Train Loop
TrainLoop
inside module aitoolbox.torchtrain.train_loop.train_loop
is at the core of and most important
component of the entire AIToolbox package.
Common to all available TrainLoops is the PyTorch model training loop engine which automatically handles the deep learning training process. As part of this it does the batch feeding of data into the model, calculating loss and updating parameters for a specified number of epochs.
torchtrain
and by extension TrainLoop
has been designed with the ease of use in mind. One of the main design principles was to keep as much
training code as possible exactly the same as would be used in normally PyTorch. Consequently, the user can define
the dataset, dataloader and models in exactly the same way as it would be done when training directly with core PyTorch.
Having no need to modify the definitions of common PyTorch training components in order to use torchtrain makes it
very user-friendly and allows the user to apply torchtrain directly to projects which initially weren’t even coded with
AIToolbox in mind.
To train the model, all the user has to do is provide the TrainLoop with the model, train / validation / test dataloaders, loss function and the optimizer. That’s it.
Once the TrainLoop with all the necessary components has been created all that’s left is to start training the model.

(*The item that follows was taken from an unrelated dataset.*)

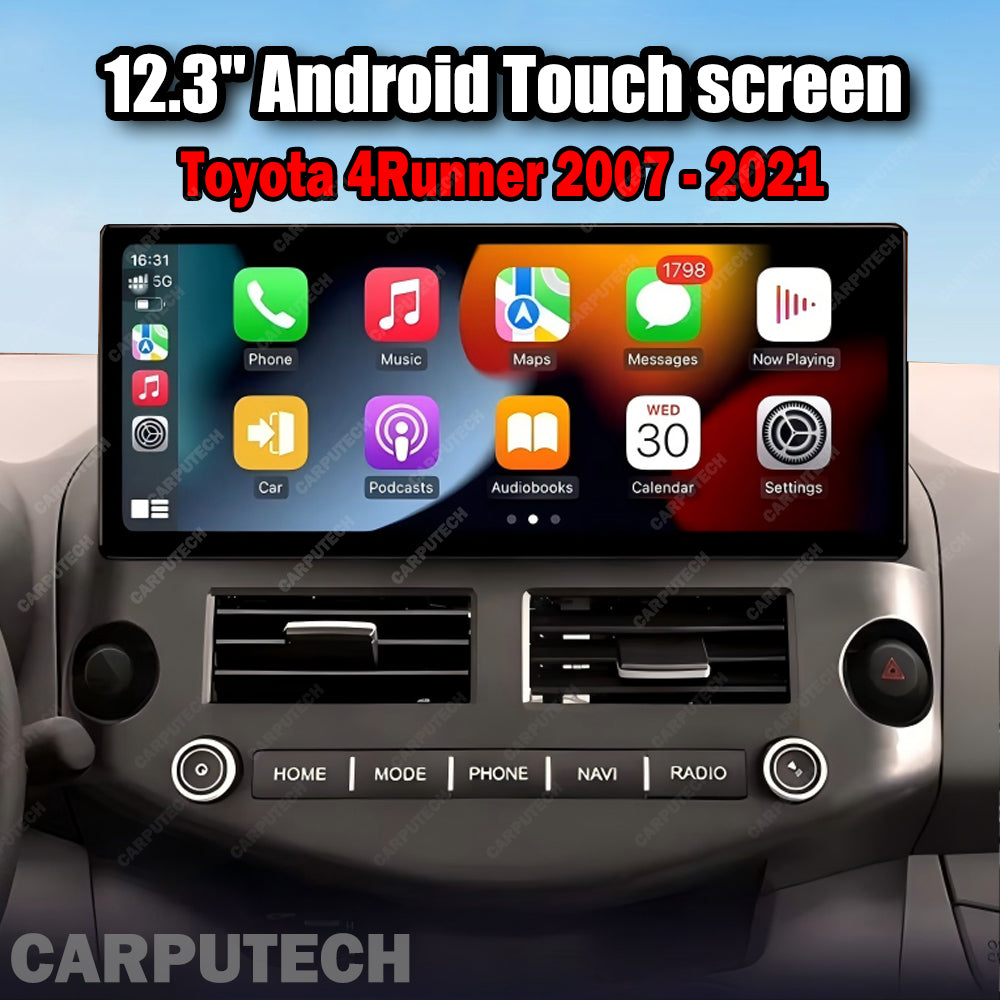 12.3 inch For Toyota 4runner 2007-2021 Infotainment Navigation System Car Multimedia Touch Screen Head Unit Android14 Car Radio GPS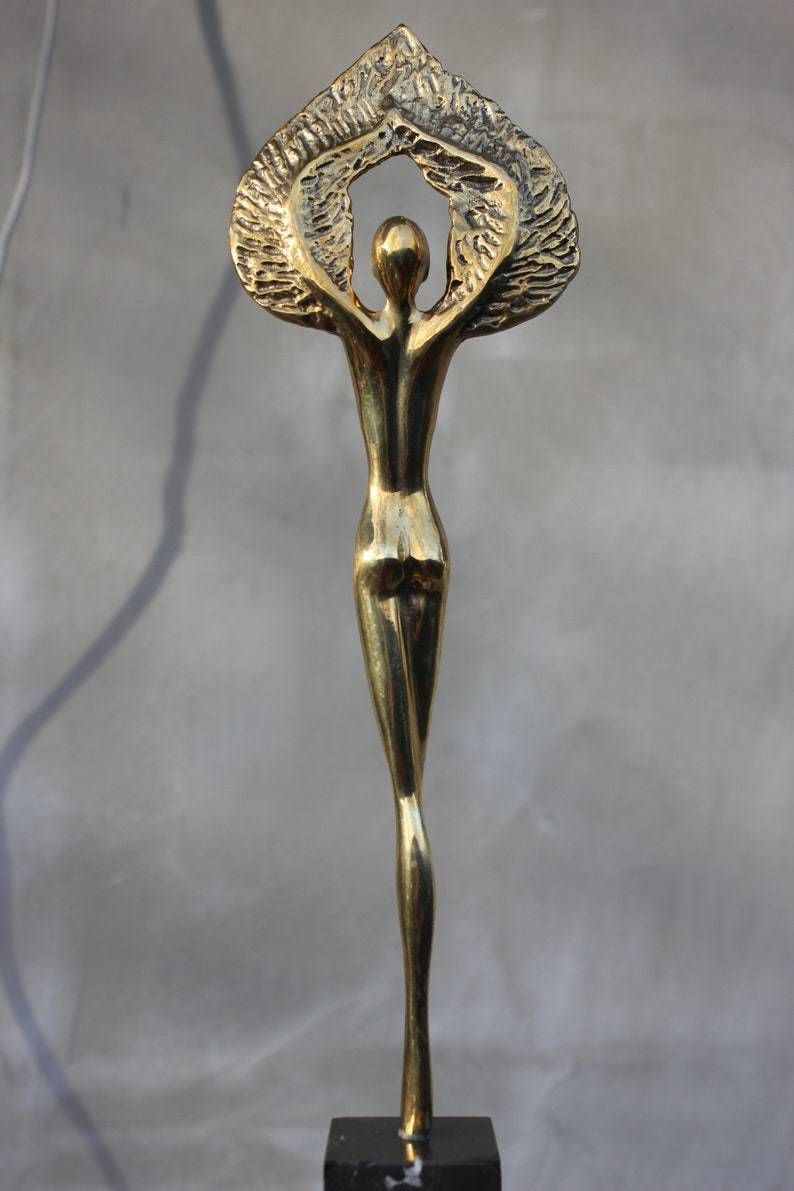 Original Bronze Goddess Nike Stylized Statue Wings Figurine Wedding Couple Gift 50s Anniversary Gift 40s Birthday Gift photo vinterior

Common to all the available TrainLoops is the fit()
method which
initiates the training process. The fit()
method
will train the provided model on the given training dataset in the training dataloader for the specified number of epochs.
Note
In order to use the aitoolbox.torchtrain.train_loop
the user has to define their models as a
aitoolbox.torchtrain.model.TTModel
which is a slightly modified AIToolbox specific variation of
the core PyTorch torch.nn.Module
. Please have a look at the TTModel section of the documentation
in order to learn how to define your TTModels compatible with TrainLoop supported training.
TrainLoop Variations
aitoolbox.torchtrain.train_loop
module consists of submodules
train_loop
and train_loop_tracking
which implement four different TrainLoop
variations:
The above listed TrainLoop options can be distinguished based on the varying extent of the automatic experiment tracking they do on top of the core training loop functionality. The available TrainLoops follow this naming convention:
name includes
Checkpoint
keyword: the TrainLoop will automatically save the model after each training epochname includes
EndSave
keyword: the TrainLoop will automatically evaluate final model performance and save the final model at the end of the training
TrainLoop
The simplest TrainLoop version which only performs the model training and does no experiment tracking and performance evaluation.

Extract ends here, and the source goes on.